## Work to complete
A word-for-word copy of the entries below is required.

Data for this exercise START

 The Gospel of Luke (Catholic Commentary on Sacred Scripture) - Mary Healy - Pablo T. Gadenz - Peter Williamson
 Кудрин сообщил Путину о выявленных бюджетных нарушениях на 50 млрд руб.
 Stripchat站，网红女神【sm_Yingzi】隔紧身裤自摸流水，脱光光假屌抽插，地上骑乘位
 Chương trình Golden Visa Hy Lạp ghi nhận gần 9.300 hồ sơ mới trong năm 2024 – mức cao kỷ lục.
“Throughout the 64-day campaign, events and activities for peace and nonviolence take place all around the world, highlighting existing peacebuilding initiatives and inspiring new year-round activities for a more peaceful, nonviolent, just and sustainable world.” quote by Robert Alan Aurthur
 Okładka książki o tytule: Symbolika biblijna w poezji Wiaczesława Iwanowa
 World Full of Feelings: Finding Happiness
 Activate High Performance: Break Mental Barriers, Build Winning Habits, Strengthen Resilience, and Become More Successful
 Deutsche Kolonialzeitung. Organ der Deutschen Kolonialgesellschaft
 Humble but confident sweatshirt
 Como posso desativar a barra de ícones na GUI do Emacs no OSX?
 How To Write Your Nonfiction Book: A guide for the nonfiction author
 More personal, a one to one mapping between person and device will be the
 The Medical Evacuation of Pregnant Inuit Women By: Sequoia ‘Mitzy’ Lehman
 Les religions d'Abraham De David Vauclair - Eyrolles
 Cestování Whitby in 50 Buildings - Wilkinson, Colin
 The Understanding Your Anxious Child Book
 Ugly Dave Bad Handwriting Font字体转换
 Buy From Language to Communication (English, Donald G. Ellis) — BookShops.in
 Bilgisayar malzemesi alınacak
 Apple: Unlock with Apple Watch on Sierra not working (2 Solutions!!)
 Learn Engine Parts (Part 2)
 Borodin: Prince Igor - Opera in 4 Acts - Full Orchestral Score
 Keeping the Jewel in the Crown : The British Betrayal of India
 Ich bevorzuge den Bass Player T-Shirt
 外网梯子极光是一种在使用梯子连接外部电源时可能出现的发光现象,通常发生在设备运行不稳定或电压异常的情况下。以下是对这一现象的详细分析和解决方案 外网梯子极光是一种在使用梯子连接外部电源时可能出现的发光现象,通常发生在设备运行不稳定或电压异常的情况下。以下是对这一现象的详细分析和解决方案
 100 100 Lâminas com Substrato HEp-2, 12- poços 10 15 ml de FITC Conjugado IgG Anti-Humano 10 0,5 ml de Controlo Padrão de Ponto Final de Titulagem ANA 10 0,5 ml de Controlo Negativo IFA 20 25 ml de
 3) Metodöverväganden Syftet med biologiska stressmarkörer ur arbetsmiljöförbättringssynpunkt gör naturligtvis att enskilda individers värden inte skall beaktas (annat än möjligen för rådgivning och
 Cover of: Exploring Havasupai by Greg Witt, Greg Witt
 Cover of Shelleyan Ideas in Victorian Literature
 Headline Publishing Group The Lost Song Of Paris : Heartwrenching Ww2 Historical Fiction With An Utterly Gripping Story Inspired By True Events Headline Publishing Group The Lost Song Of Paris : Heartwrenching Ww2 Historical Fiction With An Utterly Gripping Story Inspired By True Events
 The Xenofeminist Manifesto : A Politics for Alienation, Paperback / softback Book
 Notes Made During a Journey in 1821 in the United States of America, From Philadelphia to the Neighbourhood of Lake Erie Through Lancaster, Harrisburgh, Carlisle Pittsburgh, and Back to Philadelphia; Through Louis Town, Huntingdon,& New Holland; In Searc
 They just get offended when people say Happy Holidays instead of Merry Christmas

Data for this exercise END

## Answer box
 The Gospel of Luke (Catholic Commentary on Sacred Scripture) - Mary Healy - Pablo T. Gadenz - Peter Williamson
 Кудрин сообщил Путину о выявленных бюджетных нарушениях на 50 млрд руб.
 Stripchat站，网红女神【sm_Yingzi】隔紧身裤自摸流水，脱光光假屌抽插，地上骑乘位
 Chương trình Golden Visa Hy Lạp ghi nhận gần 9.300 hồ sơ mới trong năm 2024 – mức cao kỷ lục.
“Throughout the 64-day campaign, events and activities for peace and nonviolence take place all around the world, highlighting existing peacebuilding initiatives and inspiring new year-round activities for a more peaceful, nonviolent, just and sustainable world.” quote by Robert Alan Aurthur
 Okładka książki o tytule: Symbolika biblijna w poezji Wiaczesława Iwanowa
 World Full of Feelings: Finding Happiness
 Activate High Performance: Break Mental Barriers, Build Winning Habits, Strengthen Resilience, and Become More Successful
 Deutsche Kolonialzeitung. Organ der Deutschen Kolonialgesellschaft
 Humble but confident sweatshirt
 Como posso desativar a barra de ícones na GUI do Emacs no OSX?
 How To Write Your Nonfiction Book: A guide for the nonfiction author
 More personal, a one to one mapping between person and device will be the
 The Medical Evacuation of Pregnant Inuit Women By: Sequoia ‘Mitzy’ Lehman
 Les religions d'Abraham De David Vauclair - Eyrolles
 Cestování Whitby in 50 Buildings - Wilkinson, Colin
 The Understanding Your Anxious Child Book
 Ugly Dave Bad Handwriting Font字体转换
 Buy From Language to Communication (English, Donald G. Ellis) — BookShops.in
 Bilgisayar malzemesi alınacak
 Apple: Unlock with Apple Watch on Sierra not working (2 Solutions!!)
 Learn Engine Parts (Part 2)
 Borodin: Prince Igor - Opera in 4 Acts - Full Orchestral Score
 Keeping the Jewel in the Crown : The British Betrayal of India
 Ich bevorzuge den Bass Player T-Shirt
 外网梯子极光是一种在使用梯子连接外部电源时可能出现的发光现象,通常发生在设备运行不稳定或电压异常的情况下。以下是对这一现象的详细分析和解决方案 外网梯子极光是一种在使用梯子连接外部电源时可能出现的发光现象,通常发生在设备运行不稳定或电压异常的情况下。以下是对这一现象的详细分析和解决方案
 100 100 Lâminas com Substrato HEp-2, 12- poços 10 15 ml de FITC Conjugado IgG Anti-Humano 10 0,5 ml de Controlo Padrão de Ponto Final de Titulagem ANA 10 0,5 ml de Controlo Negativo IFA 20 25 ml de
 3) Metodöverväganden Syftet med biologiska stressmarkörer ur arbetsmiljöförbättringssynpunkt gör naturligtvis att enskilda individers värden inte skall beaktas (annat än möjligen för rådgivning och
 Cover of: Exploring Havasupai by Greg Witt, Greg Witt
 Cover of Shelleyan Ideas in Victorian Literature
 Headline Publishing Group The Lost Song Of Paris : Heartwrenching Ww2 Historical Fiction With An Utterly Gripping Story Inspired By True Events Headline Publishing Group The Lost Song Of Paris : Heartwrenching Ww2 Historical Fiction With An Utterly Gripping Story Inspired By True Events
 The Xenofeminist Manifesto : A Politics for Alienation, Paperback / softback Book
 Notes Made During a Journey in 1821 in the United States of America, From Philadelphia to the Neighbourhood of Lake Erie Through Lancaster, Harrisburgh, Carlisle Pittsburgh, and Back to Philadelphia; Through Louis Town, Huntingdon,& New Holland; In Searc
 They just get offended when people say Happy Holidays instead of Merry Christmas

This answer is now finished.